Jobs aborting when invoked by sequence and run on 1 node

Posted: Tue Feb 21, 2012 1:59 am
by Jayanto
Hello,

I have 5 parallel jobs, which are being invoked sequentially by a Sequence. Running these jobs independently, is not causing any problem; and they are all running fine. But when invoked by the Sequence, either one of them aborts.

Every time a different job aborts, with the error message as "ORCHESTRATE step execution terminating due to SIGINT"

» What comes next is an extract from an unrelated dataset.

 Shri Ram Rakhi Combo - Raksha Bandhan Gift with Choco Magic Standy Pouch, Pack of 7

This scenario is happening, if am running the Sequence on a single(1) node. Running it on default number of nodes(32), is'nt causing any issues. But again that is not the standard practice, and will reduce the job performance.

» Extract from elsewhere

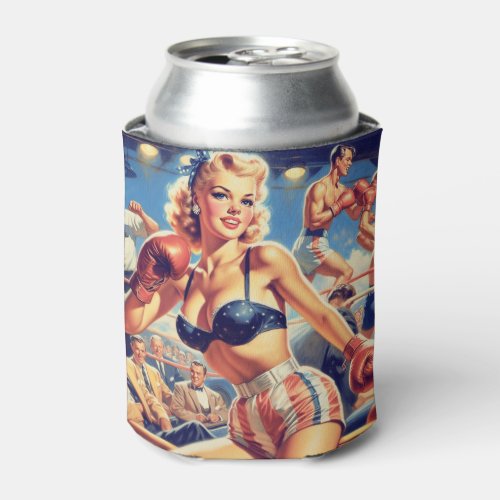 Vintage Boxing Pin Up Illsutration Can Cooler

Tried searching for this error, in other threads, in DSXchange. Some said to set the environment variable's 'APT_MONITOR_SIZE' & 'APT_MONITOR_TIME'. But doing that is'nt helping.... :(

Posted: Tue Feb 21, 2012 7:25 am
by Jayanto
Any Tips....?? :( :(

Posted: Tue Feb 21, 2012 8:04 am
by Jayanto
Another update, the job aborting each time, is first giving the fatal error "Issuing abort after 50 warnings logged." But I am running the job, with NoLimits for warnings....

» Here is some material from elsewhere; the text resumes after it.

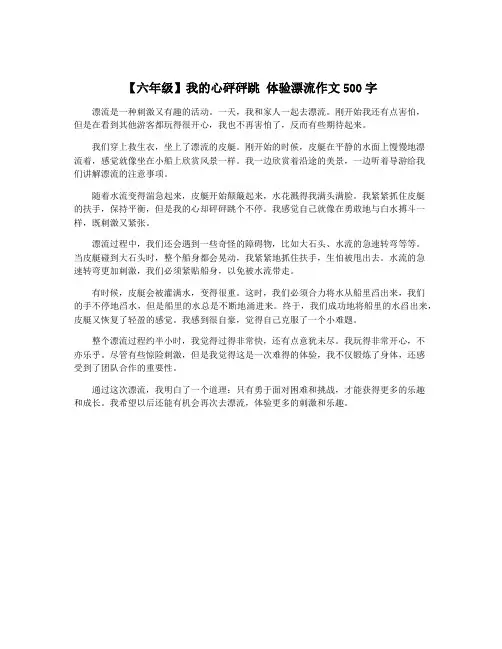 【六年级】我的心砰砰跳 体验漂流作文500字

Also the Warnings issued above are NullHandling related. Can this be a reason ?? :?

Posted: Tue Feb 21, 2012 8:07 am
by chulett
Jayanto wrote:is first giving the fatal error "Issuing abort after 50 warnings logged." But I am running the job, with NoLimits for warnings....
Apparently not.

Why not fix the jobs so they don't log those warnings?

Posted: Tue Feb 21, 2012 10:32 am
by Jayanto
@Craig :: Removed the null handling warnings.... But still the job is aborting, with the above specified SIGINT Error.... :( Any Other leads...!!!

Another thing which I tried out, and might be helpful in leading me.... There are 4 jobs within the Sequence. Namely Job1-Job2-Job3-Job4 .

Job 1 -- Running fine both in 1 node & default(32) nodes
Job 2 -- Running fine only on default(32) nodes
Job 3 -- Running only in 1 node
Job 4 -- Running only in 1 node



Any help :?

Posted: Tue Feb 21, 2012 11:08 am
by DSguru2B
Make sure you are passing the right config file to all the jobs.

Posted: Tue Feb 21, 2012 12:03 pm
by Jayanto
@DSguru2B :: Yes I did recheck.... Am passing the same, and the correct configuration file to all the jobs.... :?

Posted: Wed Feb 22, 2012 4:52 am
by Jayanto
Hi All.... Doing a workaround for the timebeing. :(

Am running one of the Jobs in Default(32) number of nodes, and rest on 1 node. Currently they all are working fine.

But any further update, on how to handle and run them in a single node, will be extremely helpful.... :)

Posted: Wed Feb 22, 2012 8:07 am
by DSguru2B
At this point, with all the obvious reasons discarded, get in touch with IBM.

Posted: Fri Mar 23, 2012 2:16 pm
by pk7
I have discovered that if a job has too many warnings (50+??) then a signal is sent to interrupt the job. I had the same problem and once I reduced the number of error messages (null handling messages in my case) the problem went away.